E’ un parere personale, ma la bellezza di Birkat, la si coglie più a distanza che non al suo interno: sulla strada che porta al Jebel Akhdar, la montagna verde, cerca una deviazione per una piccola altura. Da lassù, Birkat e il suo palmeto si spiegano in tutto il loro fascino arcaico: spesso paragonata a un presepe – analogia piuttosto bizzarra per un paese arabo – le rovine a destra sono le più scenografiche, abbracciate da quello che sembra un arcobaleno di pietra.
Harat Al-Yemen (Izki)
E’ uno degli insediamenti più antichi di tutto l’Oman, tanto da essere citato addirittura all’interno di testi attribuiti al re assiro Assurbanipal (640 aC). Distrutto e ricostruito più volte nel corso dei secoli, Harat – oggi inglobato nella cittadina di Izki – sembra ormai essere arrivato al capolinea ma, sebbene abbandonato in modo definitivo, continua a rivestire grande interesse.
A differenza degli altri villaggi, che appaiono come agglomerati confusi appollaiati su di un pendio, Harat presenta una topografia più definita: le vie sono ben tracciate e le mura che cingevano la cittadina – con tanto di torre d’osservazione – ne determinano i confini in modo netto. E’ insomma possibile ‘passeggiare’ al suo interno come in Italia faremmo a Pompei ad esempio, e osservare da vicino le abitazioni. In queste case sventrate, sotto i tetti franati e tra le stanze stanze invase dagli arbusti, si trovano gli indizi di una vita semplice, accompagnati però da un certo gusto per il dettaglio: i decori sulle porte e intorno alle finestre spiccano tra le crepe e fanno supporre che la città non sia stata abbandonata poi troppo tempo fa; forse, solo qualche decennio. Di certo (almeno) fino agli anni ’70, le vie di Harat non erano immerse nel silenzio che oggi le caratterizza.
Quanto ancora vivranno questi villaggi, è difficile immaginarlo. Come detto più volte, si tratta di siti pericolanti: per questo consiglio vivamente a chi li visita di usare prudenza e soprattutto di evitare di entrare nelle singole abitazioni, per quanto possa essere allettante l’idea di farlo. Di certo i materiali con cui sono costruiti non lasciano presagire una vita molto duratura e, al momento, non mi pare siano in atto opere di ristrutturazione (al contrario invece di quanto accade per forti e castelli). Sono infatti lasciati completamente a se stessi, tant’è che per visitarli non si paga alcun biglietto (ad eccezione del museo di Bait al Safah).

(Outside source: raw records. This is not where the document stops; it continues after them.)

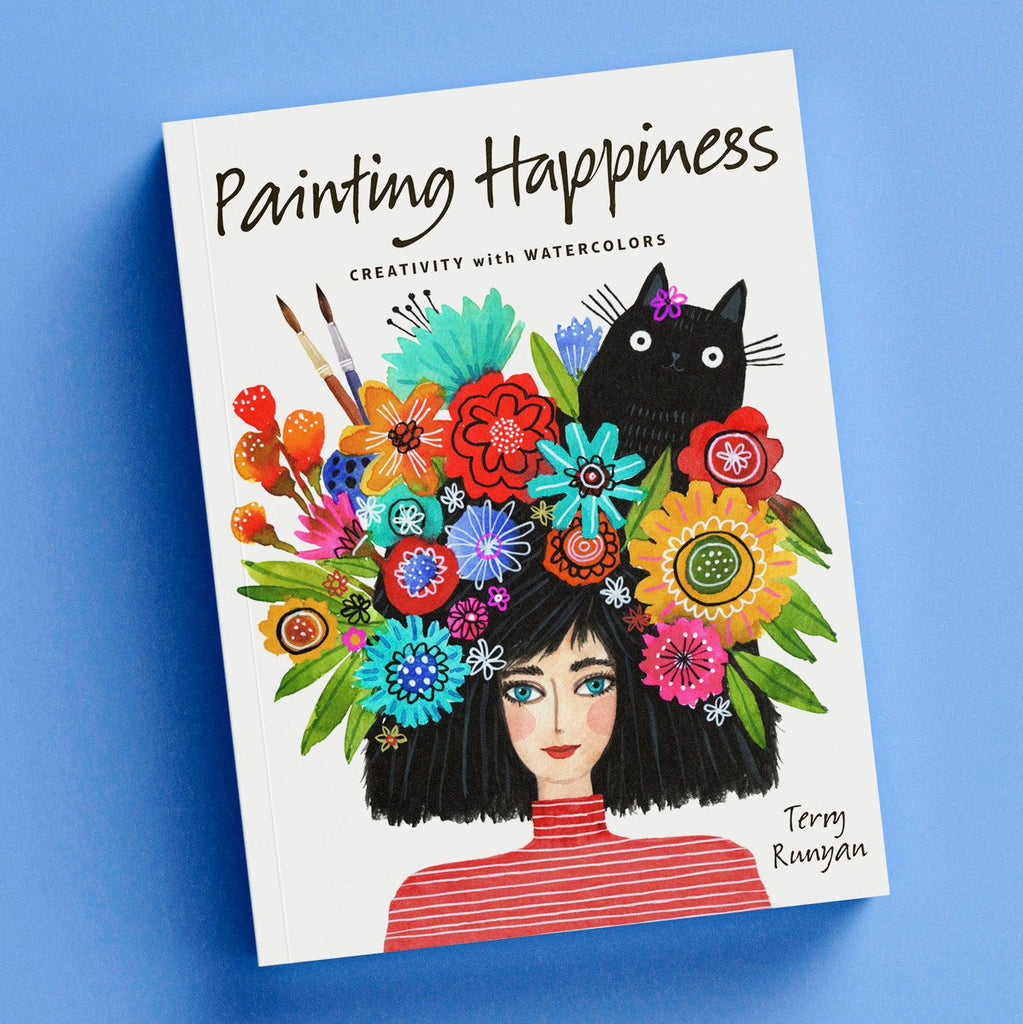 Now Available!! Painting Happiness - Creativity with Watercolor-Terry Runyan Creative
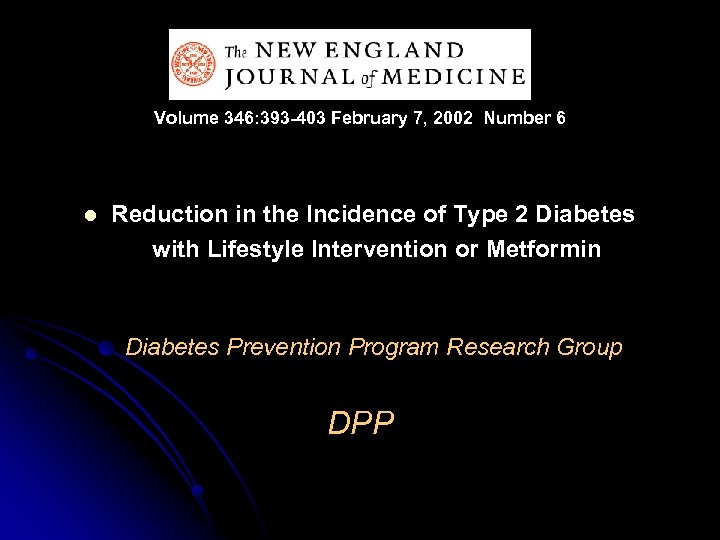 Volume 346: 393 -403 February 7, 2002 Number 6 l Reduction in the Incidence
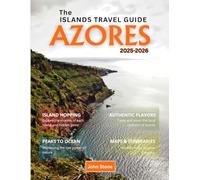 Azores Islands Travel Guide 2025-2026: Explore São Miguel, Terceira, Pico, Faial & Santa Maria with Local Insights and Scenic Adventures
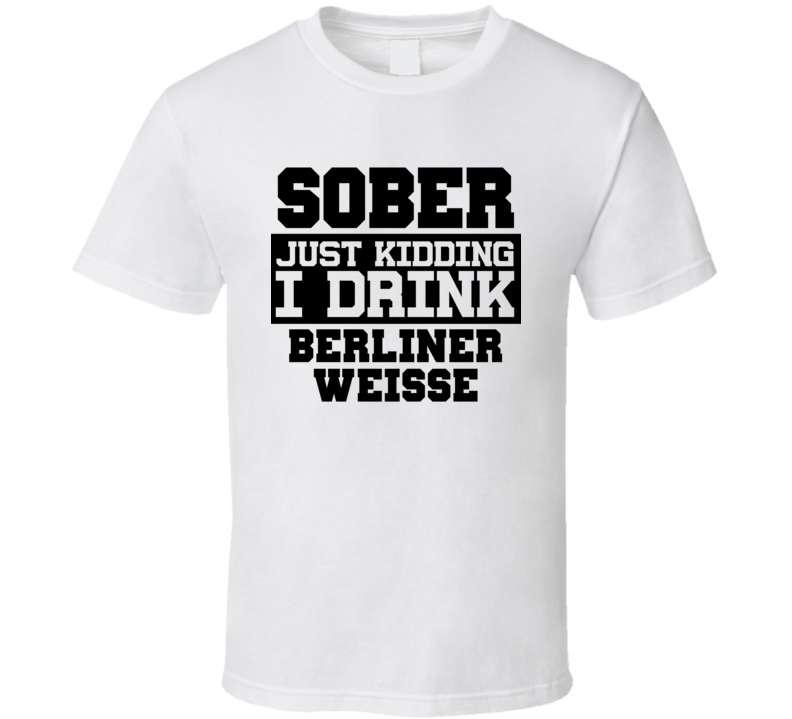 Sober Just Kidding I Drink Liquor Funny Trending Liquor Alcohol Berliner Weisse T Shirt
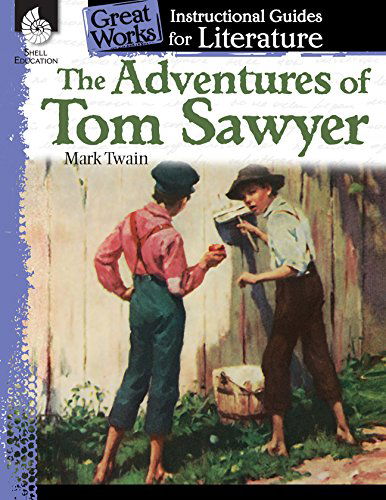 Cover for Suzanne Barchers · The Adventures of Tom Sawyer: An Instructional Guide for Literature: An Instructional Guide for Literature (Taschenbuch) (2015)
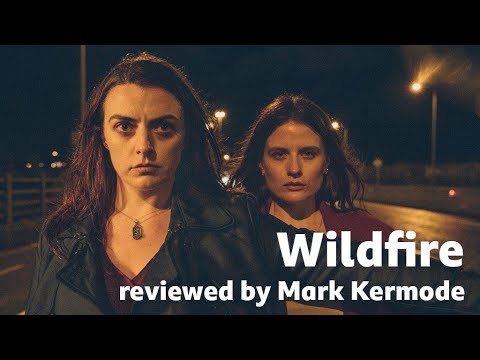 Wildfire reviewed by Mark Kermode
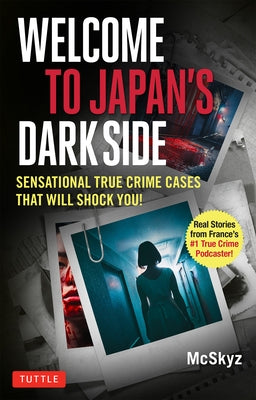 Welcome to Japan's Dark Side!: Sensational True Crime Cases That Will Shock You by McSkyz, Bertrand Puard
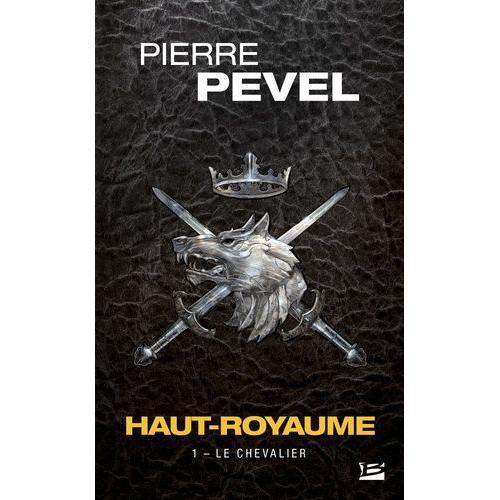 Haut-Royaume Tome 1 - Le Chevalier on Productcaster.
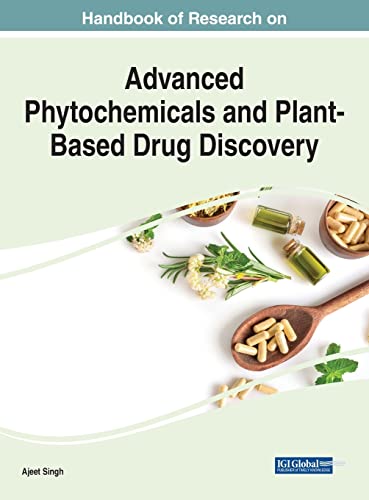 Ajeet Singh-Handbook of Research on Advanced Phytochemicals and Plant-Based Drug Discovery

Non da ultimo, va considerato anche un altro fattore spesso sottovalutato, il cambiamento climatico: abito a Muscat da fine settembre e, nel giro di un paio di mesi, ho assistito a svariati acquazzoni (lunghi e battenti). E’ questo un fenomeno decisamente insolito che ha stupito gli omaniti per primi e che, di certo, non si verificava nel momento in cui questi villaggi sono stati edificati: pioggia e case di fango non possono convivere a lungo.
Ho visitato l’Oman un paio di volte, ma questo giro dei villaggi mi manca proprio! Che incantevole esperienza!